In 2019, journalist E. Jean Carroll published an article in New York Magazine describing the time she says former President Donald Trump allegedly raped her in the fitting room at Bergdorf Goodman in the 1990s. This week, as she sues the former president on charges of defamation and battery, she’s telling the same story in a courtroom. Trump denies the allegations and says “it never happened.”

Carroll isn’t the only woman who has accused Trump of sexual assault or harassment. During the course of the trial, two other women, Jessica Leeds and Natasha Stoynoff, have testified as witnesses for the prosecution, telling similar stories. And over the years, more than a dozen other women have accused Trump of sexual misconduct.

Trump vehemently refutes these allegations. He is also on the record bragging about grabbing women by their privates.

Heading into the third consecutive presidential cycle where Trump has been a candidate, these allegations have yet to slow the former president’s momentum. He’s far from the only powerful politician to face allegations of sexual misconduct. Two sitting Supreme Court justices – Brett Kavanaugh and Clarence Thomas – have been accused of sexual assault and sexual harassment respectively, accusations which they denied. President Joe Biden, who announced last week he will seek a second term, was also accused of sexual misconduct during the 2020 presidential campaign. He has denied that allegation.
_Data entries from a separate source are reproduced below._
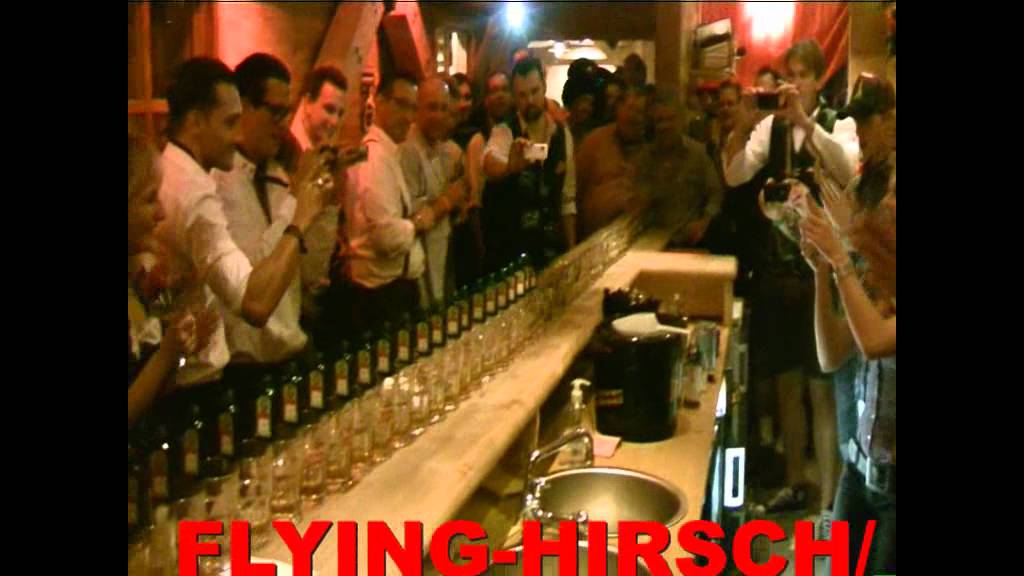 300 Flying-Hirsch / J&auml;ger Bull - Domino Rekord in der Hasenbar auf dem Wasn 03.10.2011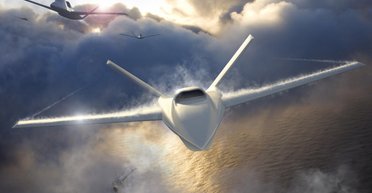 У США зафіксували перший політ концептуальної моделі стелс-дрона Model 437 (фото, відео)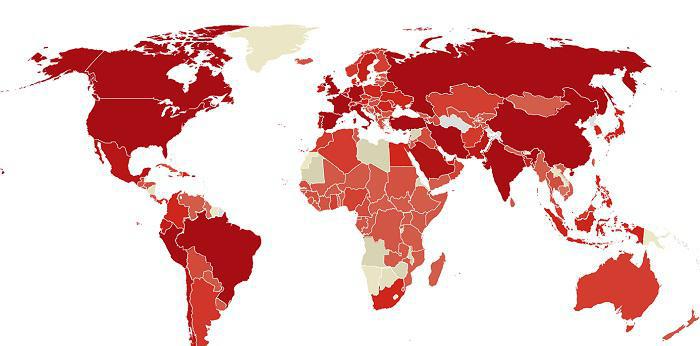 ჯანმო: მსოფლიოში კორონავირუსის რეკორდული დღიური რაოდენობა - 307 930 შემთხვევა დაფიქსირდა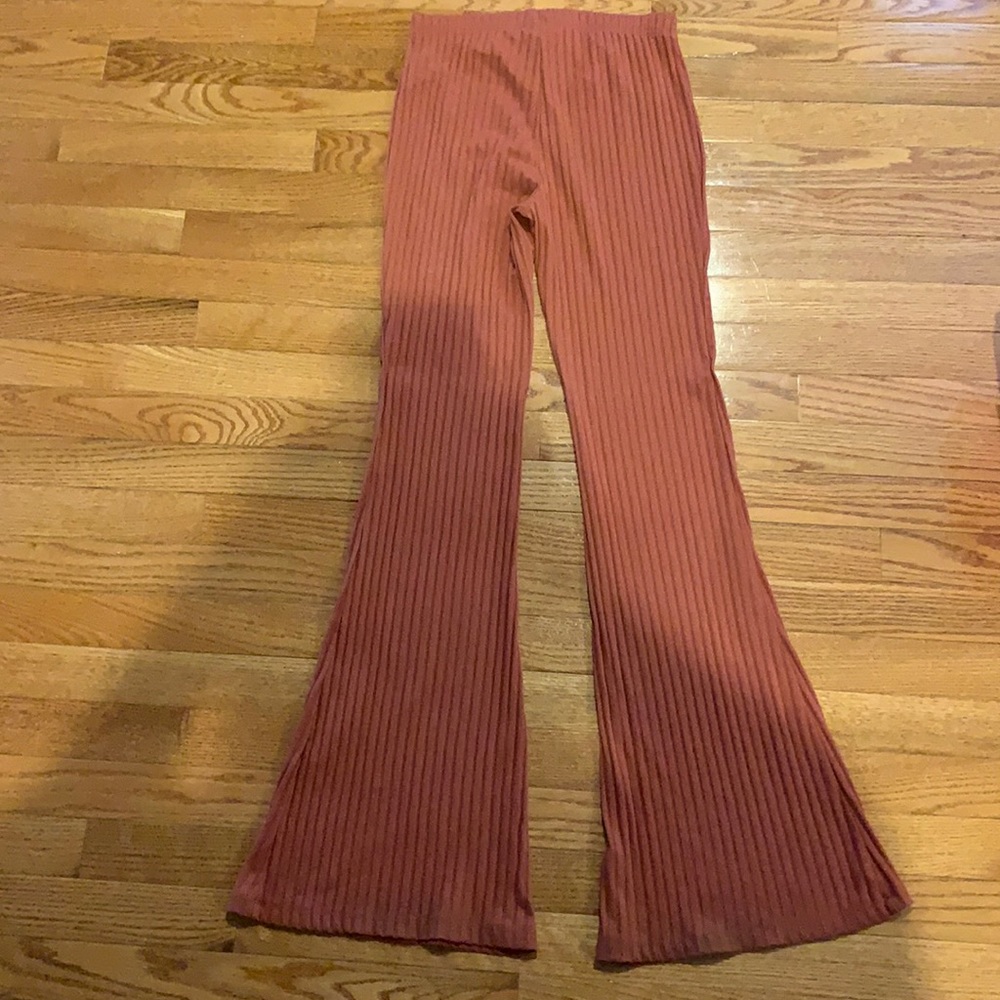 Burnt orange pants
While some male politicians, like former New York Democratic Governor Andrew Cuomo, have their careers derailed by allegations, many don’t. Accusations of sexual assault and misconduct, no matter how credible, don’t seem to preclude male politicians from reaching the highest annals of power.
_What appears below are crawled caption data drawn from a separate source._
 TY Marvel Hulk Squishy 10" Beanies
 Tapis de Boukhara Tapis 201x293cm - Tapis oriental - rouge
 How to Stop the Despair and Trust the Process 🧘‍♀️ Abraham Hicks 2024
Bonnie Stabile, author of “Women, Power and Rape Culture: The Politics and Policy of Underrepresentation,” argues that societal concepts of gender simultaneously discredit women, who are seen as untrustworthy and hysterical, and protect men, whose brash, “rule-breaking” behavior is read as masculine and powerful.

“We believe certain people and not other people,” said Stabile, who directs the Gender and Policy Center at George Mason University. “We believe and consider authoritative the word of men more than we do that of women.”

“[Trump’s] supporters assume those accusations are likely to be false or trumped up, no pun intended. They just don’t give them any credence. That accords with this vaster narrative, and this is historic, even through biblical times, that women lie about sexual assaults,” said Stabile.

The percentage of sexual assaults that are falsely reported is somewhere between two and 10, and the majority of sexual assaults are never reported to the police at all, according to the National Sexual Violence Resource Center (NSVRC). Yet the belief that women do, frequently, falsely accuse men of assault, misconduct or violence is pervasive, often tilting the scales in favor of men when the only evidence is competing, she-said/he-said testimony.

These cultural barriers often collide with structural ones, like in the cases of Justices Kavanaugh and Thomas. In 2018, Christine Blasey Ford accused Kavanaugh of sexually assaulting her when they were in high school, while in 1991, Anita Hill testified that Thomas sexually harassed her when he was chair of the Equal Employment Opportunity Commission and she served as his advisor.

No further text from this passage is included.